Overwrite base method to allow more flexible pattern matching. Here, we do coarse filtering based on tasks, cameras, and modalities. We do this instead of filename patterns to speed up pattern checking and download speed.

Source code in OmniGibson/omnigibson/learning/datas/lerobot_dataset.py

def download_episodes(self, download_videos: bool = True) -> None:
    """
    Overwrite base method to allow more flexible pattern matching.
    Here, we do coarse filtering based on tasks, cameras, and modalities.
    We do this instead of filename patterns to speed up pattern checking and download speed.
    """
    allow_patterns = []
    if set(self.task_indices) != set(TASK_NAMES_TO_INDICES.values()):
        for task in self.task_indices:
            allow_patterns.append(f"**/task-{task:04d}/**")
    if len(self.meta.modalities) != 3:
        for modality in self.meta.modalities:
            if len(self.meta.camera_names) != 3:
                for camera in self.meta.camera_names:
                    allow_patterns.append(f"**/observation.images.{modality}.{camera}/**")
            else:
                allow_patterns.append(f"**/observation.images.{modality}.*/**")
    elif len(self.meta.camera_names) != 3:
        for camera in self.meta.camera_names:
            allow_patterns.append(f"**/observation.images.*.{camera}/**")
    ignore_patterns = []
    if not download_videos:
        ignore_patterns.append("videos/")
    if set(self.task_indices) != set(TASK_NAMES_TO_INDICES.values()):
        for task in set(TASK_NAMES_TO_INDICES.values()).difference(self.task_indices):
            ignore_patterns.append(f"**/task-{task:04d}/**")
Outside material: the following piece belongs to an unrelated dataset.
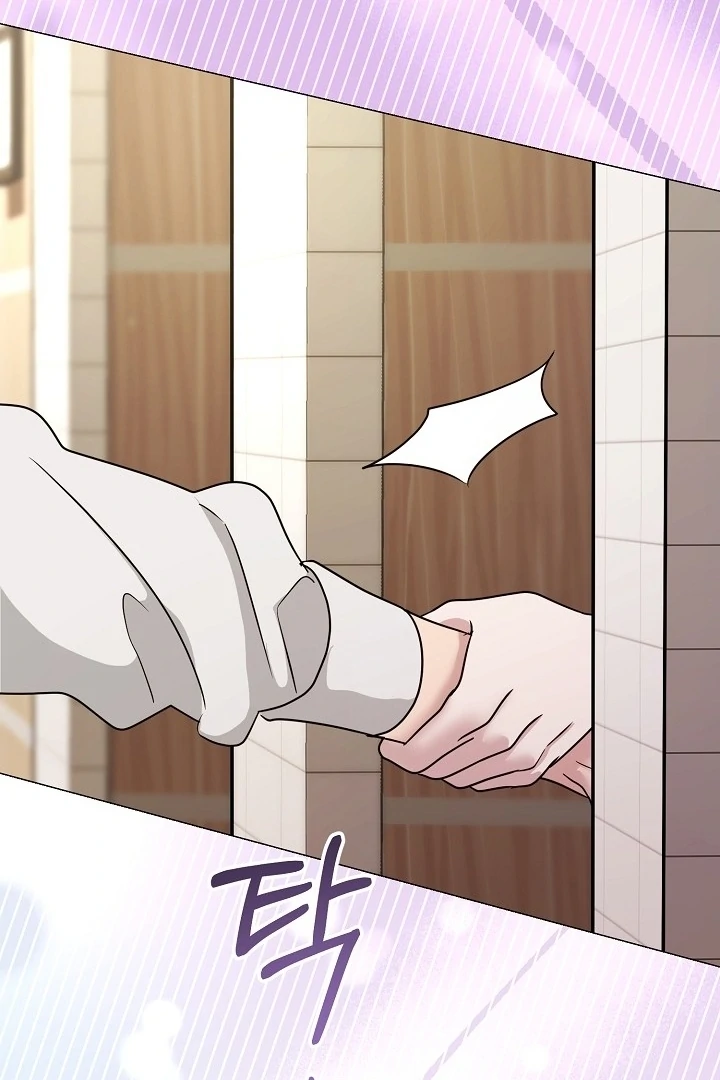 With My Hated Alpha Male Friend Chapter 4 - Page 63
    allow_patterns = None if allow_patterns == [] else allow_patterns
    ignore_patterns = None if ignore_patterns == [] else ignore_patterns
    self.pull_from_repo(allow_patterns=allow_patterns, ignore_patterns=ignore_patterns)

`get_episodes_file_paths()`

Overwrite the original method to use the episodes indices instead of range(self.meta.total_episodes)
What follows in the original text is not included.